Oh, Jordan. With his release by the Bengals last week, the team cut ties with the man who during the NFL lockout acted as the team’s next leader, organizing makeshift practices with the playbook put together by new offensive coordinator Jay Gruden, himself a man living in his brother’s shadow. Detached from Carson, whom he only addressed as a “former teammate,” the younger Palmer seemed to actually believe he was the heir apparent to the starting role—like it was a pair of Toughskins his mother gave him once Carson outgrew them.
Of course, despite his best efforts and sudden take-charge attitude, it was never going to happen for the former sixth-round pick of the Washington Redskins. Even for a franchise that has sent out a ramshackle assemblage of quarterbacks well past their peaks—Scott Mitchell, Gus Frerotte, Neil O’Donnell—and a plethora of players whose careers were never destined to even reach a prime—Donald Hollas, David Kingler, Erik Wilhelm, Paul Justin—Marvin Lewis and Mike Brown were never going to allow Jordan Palmer to actually start an NFL game. To most of us, he was the harmless young man who developed a mobile app that let people know what they missed should they go to the bathroom during a movie. He was simply Carson’s little brother. Nothing less, nothing more.
But perhaps he was something more—a symbol of how much culpability Carson Palmer shares in the franchise’s misfortunes since he and Lewis arrived in 2003. While much has been said and written about the era of the diva receivers—in which the Bengals let Chad Johnson-Ochocinco pull pranks and tweet unfettered—what’s less talked about is Carson’s role in that circus. Wasn’t it Carson who clamored for veteran receiving help following the 2008 season, who convinced the Bengals to sign an aged, slow-moving Laveranues Coles to replace T.J. Houshmandzadeh after the latter bolted in free agency? It was Carson Palmer who worked out with Terrell Owens before the start of last season, again pleading for the team to sign him, thus bringing the T.Ocho, Batman-and-Robin tandem from an ill-conceived idea into a living, breathing nightmare. Would the Bengals really have signed Jordan Palmer if not for Carson’s influence on Mike Brown’s decisions?
In 2010, when Carson had more pass attempts than at any time in his career and started every game during the team’s god-awful 10-game losing streak, Bengals nation couldn’t call for the backup quarterback, traditionally the most-popular player on a losing team, because that player was Jordan Palmer. Indeed, even if the team and coaching staff had wanted to move on from Carson, how on Earth would that new direction take shape? Would Carson simply hand the ball to Jordan and whisper, It’s your time bro?
In fact, it was never time for Baby Palmer. In 2008, with Carson felled by a season-ending elbow injury, I was among a handful of fans who kept coming to The Bottom Line—Washington D.C.’s Bengals bar—as Palmer’s then-backup Ryan “Crazy Legs” Fitzpatrick continually looked off open receivers in favor of running for negative yardage. Time and again, the call came for Jordan—then we actually saw him play. In retrospect, clamoring for Jordan seems akin to the well-heeled crowd at Centre Court demanding Patrick McEnroe sub for John if his brother had gotten hurt in the midst of his epic 1980 Wimbledon match with Björn Borg.

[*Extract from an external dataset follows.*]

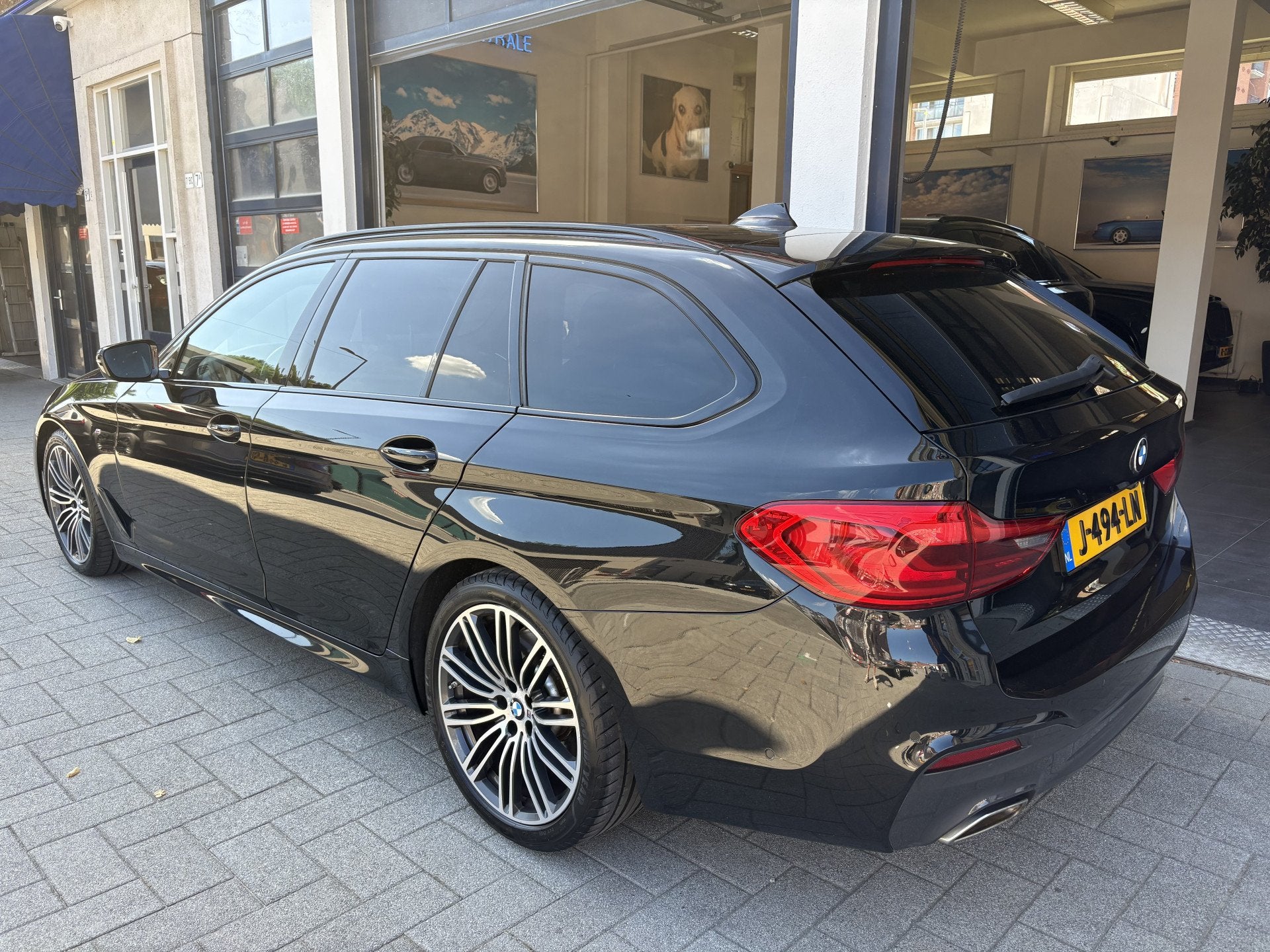 BMW 5 Serie Touring 530i High Executive M-SPORT/ACC/ECC/DEAL, Automaat, 1998 cc, Achterwielaandrijving, Gebruikt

Now both Palmers are gone, just like that. Of course a team’s franchise player should be consulted, should have a say in picking the players who surround him—the players who will make him better and help the team (get ready for this Bengals fans) have a chance to actually win. In this case, it was simply the wrong person choosing the wrong pieces. With Jordan’s dismissal, we can finally say goodbye to Carson. That leaves only us, ourselves dysfunctional in our familial fandom, brothers in a lost common cause.